Los analistas ubican en su “top tres” distintas medidas. “En términos de lo que es posible, teniendo en cuenta lo que no está dispuesto a hacer el oficialismo, un programa antiinflacionario implica tasas de interés más altas, una política monetaria creíble y de sesgos contractivos y, por último, precios relativos alineados”, opina Kiguel. El economista no cree que el Gobierno sea proclive a mover la tasa de interés “todo lo que sea necesario”, y eso limita las posibilidades de baja de la inflación por la vía de desincentivar el consumo. Tampoco evalúa como algo posible una corrección rápida de tarifas, y sostiene que un programa de este estilo es improbable, porque en 2023 habrá elecciones y el Frente de Todos no querrá pagar esos costos.
“Todo proceso en el que tengas que ordenar precios relativos implica mayores presiones inflacionarias. Tendrán que resolver el problema cambiario. No significa hacer una fuerte devaluación, porque socialmente no es sostenible. Otro ejemplo claro son las tarifas. Se pueden seguir atrasando, pero se acumula desequilibrio”, dice Caprarulo.

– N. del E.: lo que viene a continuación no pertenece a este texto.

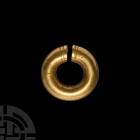 Achaemenid Gold Hair Ring. c.5th century B.C. A hollow-formed sheet gold penannular hair ornament with crimped circumferential band above each end. 11...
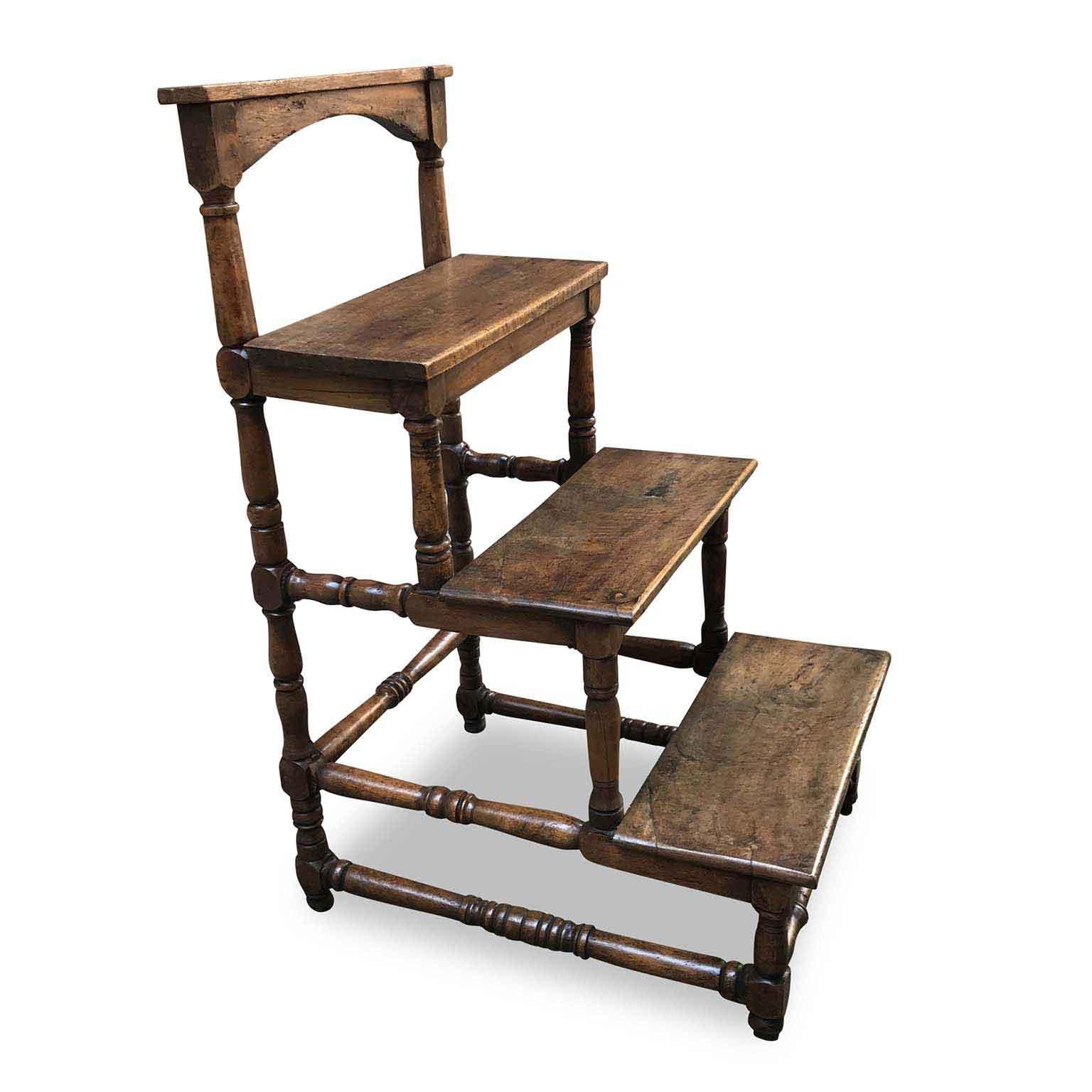This rare four small stairs have decorative solid walnut turned structure in the Italian Baroque Rocchetto style. The 17th century Italian walnut piece comes from Tuscany, Florence and shows old restorations and a first small step made in oak,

Bajar el déficit y dejar de emitir son las dos consignas que prioriza Pérez Duhalde. Castiglioni, en sintonía, apunta a la independencia del Banco Central para que deje de asistir al Poder Ejecutivo a demanda.
Son tan solo los inicios, dependientes del sostenimiento en el tiempo, bajo la premisa de que los argentinos convivirán con una inflación estructural varios años más. Para los próximos, se espera un piso del 50% y, para 2022, alzas importantes en rubros con atrasos como combustible, gas, agua, servicios públicos, prepagas, telefonía, comunicación y educación, entre otros. Aunque este año no genera mucha esperanza entre los especialistas, el tipo de políticas a las que apuntan son de las que depende que el concepto de “varios años” no continúe agrandándose, hipotecando las décadas por venir.